Manage Certificates for HPC Pack 2019 Cluster

There are several certificates used in HPC Pack Cluster for different purposes. Here is a full list:

Certificate Purpose and Description Install Locations
Microsoft HPC Azure Client Used by Head nodes to communicate with Azure PaaS proxy nodes. It's a self-signed certificate auto-generated by HPC Cluster. Head nodes: LocalComputer\Personal
Microsoft HPC Azure Service Used by Azure PaaS proxy nodes to communicate with Head nodes. It's a self-signed certificate auto-generated by HPC Cluster. Azure proxy nodes: LocalComputer\Personal
Microsoft HPC Azure Management(1) Used by Head node(s) to communicate with Azure Management Service to manage Azure resources in classic mode. Head node(s):
LocalComputer\Personal
LocalComputer\Trusted Root CA (self-signed only)
Azure Portal:
Subscriptions\Management certificates
Azure Service Principal Certificate Used by Head node(s) to communicate with Azure Resource Manager to manage Azure resources in resource manager mode.
You can use the same certificate with Microsoft HPC Azure Management.
Head node(s):
LocalComputer\Personal
Azure Service Principal
HPC Pack Communication Certificate Used for communication by all nodes except Azure PaaS nodes and Azure Batch Pool.
If it is a self-signed certificate, and you plan to use Burst to Azure IaaS VM feature to deploy Azure IaaS compute nodes, you shall also import this certificate into Azure Key Vault so that it can be used Azure IaaS compute nodes to communicate with head node(s).
Windows nodes(2)(3):
LocalComputer\Personal
LocalComputer\Trusted Root CA (self-signed only)
Linux nodes:
/opt/hpcnodemanager/cert
Service Fabric Certificate Used by the head nodes to secure the Service Fabric cluster communication.
By default it uses the same certificate as HPC Pack Communication Certificate.
You can add additional certificates to the Service Fabric cluster.
Head nodes:
LocalComputer\Personal
LocalComputer\Trusted Root CA (self-signed only)
CurrentUser\Personal**(5)**

(1) Cloud Services (classic) is now deprecated for new customers, and it will be retired on August 31st, 2024 for all customers. New deployments should use the new Azure Resource Manager-based deployment model, Azure Cloud Services (extended support).
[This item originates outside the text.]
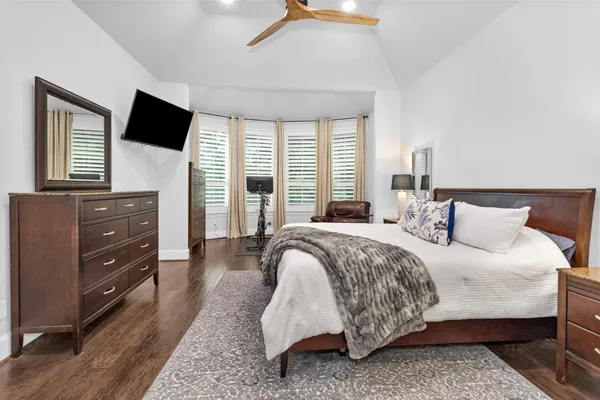 $895,000 | 134 Pacific Grove Drive, Montgomery, TX 77316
(2) For domain joined Windows HPC Client machine, you can opt not to install the certificate HPC Pack Communication for Head node in Local Computer\Trusted Root CA store with the following two ways:

  • During HPC Client installation, choose "Skip CA and CN validation"

  • Add registry value named CertificateValidationType with DWORD value 0 under registry key HKLM\SOFTWARE\Microsoft\HPC

(3) For non-domain joined HPC Client machine, you must install the certificate HPC Pack Communication for Head node in Local Computer\Personal with private key and to CurrentUser\Trusted Root CA without private key, and then add a registry value named SSLThumbprint under registry key HKLM\SOFTWARE\Microsoft\HPC and specify the certificate thumbprint.

(4) If you want to access Service Fabric cluster portal (https://<service-fabric-cluster-hostname>:10400) on the head node or other nodes, you shall install the certificate under CurrentUser\Personal as well with private key.

Rotate HPC Pack Node communication certificates

Microsoft HPC Pack 2016 (and later) uses certificate to secure the communication between the HPC nodes. You need to rotate the certificate(s) before they expire to avoid breaking the HPC Pack cluster.

The certificates must meet the following requirements:

  • Have a private key capable of key exchange.
  • Key usage includes Digital Signature, Key Encipherment, Key Agreement and Certificate Signing.
  • Enhanced key usage includes Client Authentication and Server Authentication.
  • If two different certificates are used, they must have the same subject name.

If the certificate is used to secure Service Fabric Cluster as well, it must meet the following additional requirements:

  • The certificate's provider must be Microsoft Enhanced RSA and AES Cryptographic Provider;
  • The RSA key length must be 2048 bits.

Prepare new certificate

When you prepare a new certificate, make sure that you use the same subject name as that of the old certificate. Run the following PowerShell commands on the HPC node to get the subject name of your certificate.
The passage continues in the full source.